The Twilight star came out during the opening monologue in her debut on the US sketch comedy show in 2017 exclaiming “I’m so gay” after joking about President Trump’s previous interest in her relationship with Robert Pattinson. Stewart married Dylan Meyer in 2025.
Speaking to the ABC News Live Prime with Linsey Davis programme this week, the director of The Chronology of Water went into why she chose that moment to publicly address her sexuality.
“It was less about sharing the details of my relationship and more so acknowledging that there are people that don’t get full access to being alive because they’re hiding,” Stewart said. The Spencer star went on to say she’d had people in her life tell her: “Your career would go better if you didn’t go outside holding your girlfriend’s hand,” which was a perspective she didn’t approve of.
“I was like, ‘So you want me to live a partial life? And you want me to uphold and perpetuate and sustain a system that excludes people?’ And I just can’t do that,” she said. The actress and director also claimed it was “very obvious who I was dating” in reference to model Stella Maxwell adding: “I don’t need to caption this for you.”

Well aware of the distinct lack of privacy Hollywood stars have, Stewart also didn’t want to “commodify those details” of her life. “I didn’t want to be part of a comic book,” she continued. “But what I didn’t want to do was hide from the world we live in. I want to define it, I want to make it a more open and accepting place.
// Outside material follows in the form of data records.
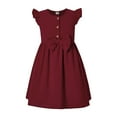 PatPat Family Matching Dresses Burgundy Baby Girl 36 Months Mommy and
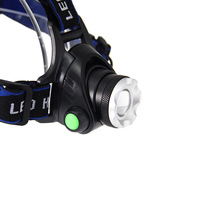 Lampe frontale en alliage d'aluminium à haute luminosité 20W, zoom réglable, rechargeable par USB, étanche, pour la pêche nocturne en extérieur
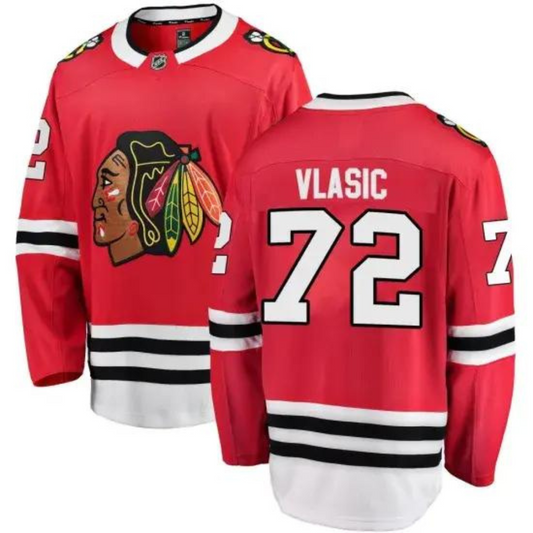 Hockey Alex Vlasic Chicago Blackhawks 72 Jersey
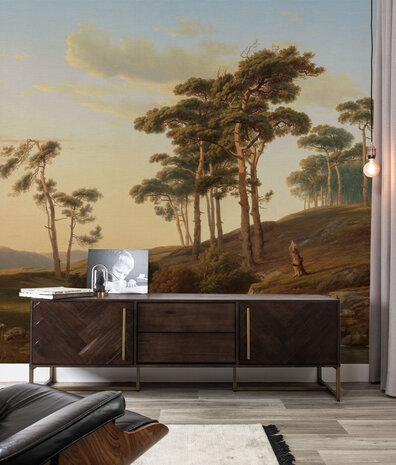 Landschaftstapete Serene Skyline Scenery, waschbar Landschaftstapete Serene Skyline Scenery, waschbar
And so I thought it was necessary for me to [come out] – I was already holding my girlfriend’s hand in public.”
Finally she added: “It felt like a statement that just might unlock other people’s doors.”
Stewart recently said she is unlikely to stay living in the US if Trump follows through with his “terrifying” threats to impose a 100 per cent tariff on films made outside of the US.
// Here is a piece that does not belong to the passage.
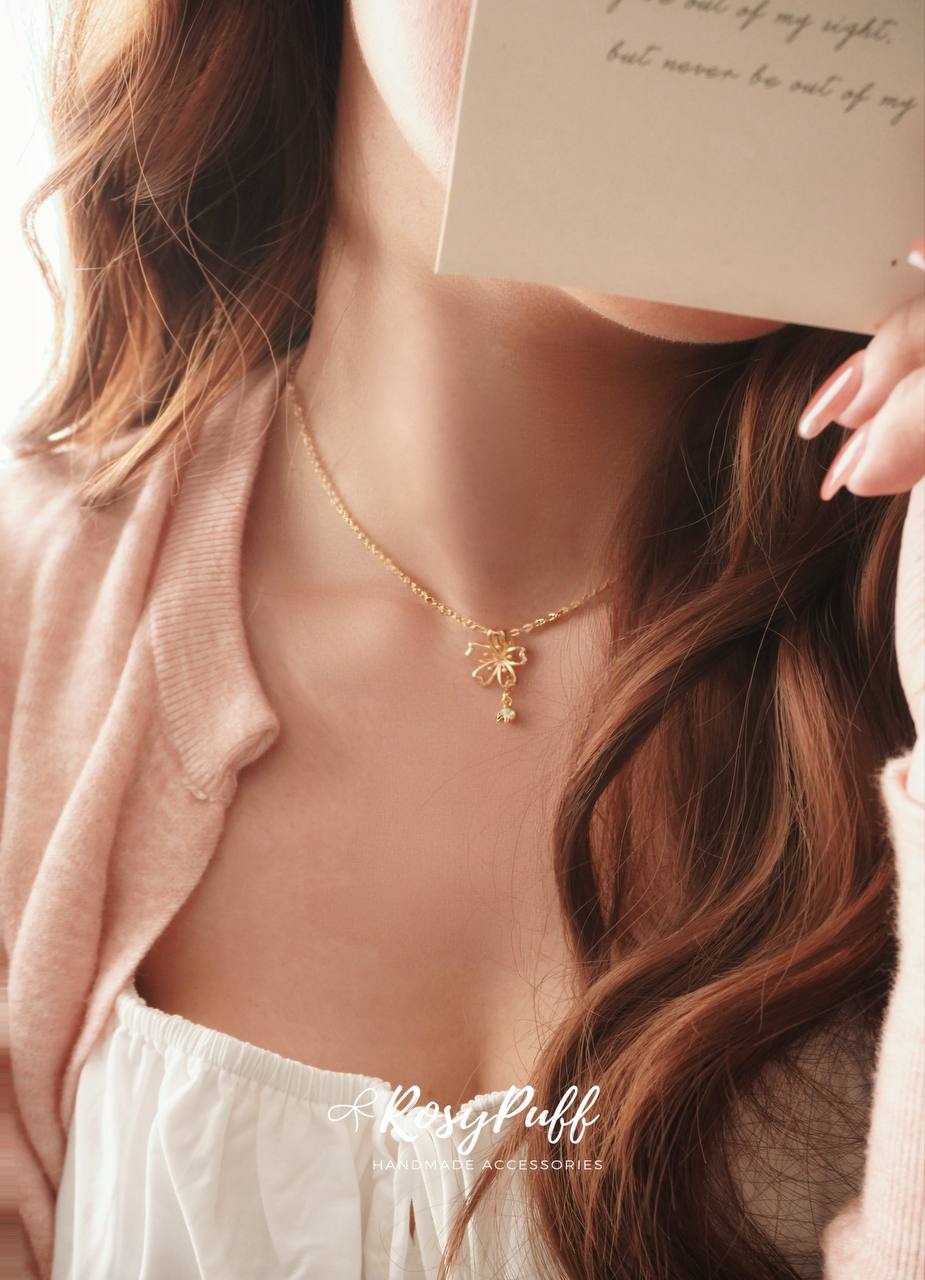 Cherry Blossom Rain Necklace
The Chronology of Water – a biographical drama that follows Olympic hopeful Lidia Yuknavitch who suffered a traumatic childhood – was shot in Latvia.
“I can’t work freely there,” Stewart told The Times. “But I don’t want to give up completely. I’d like to make movies in Europe and then shove them down the throat of the American people.”
The actress, who is bisexual and got married to screenwriter Dylan Meyer in 2025, criticised Trump’s “terrifying” threats to impose a 100 per cent tariff on films made outside of the US.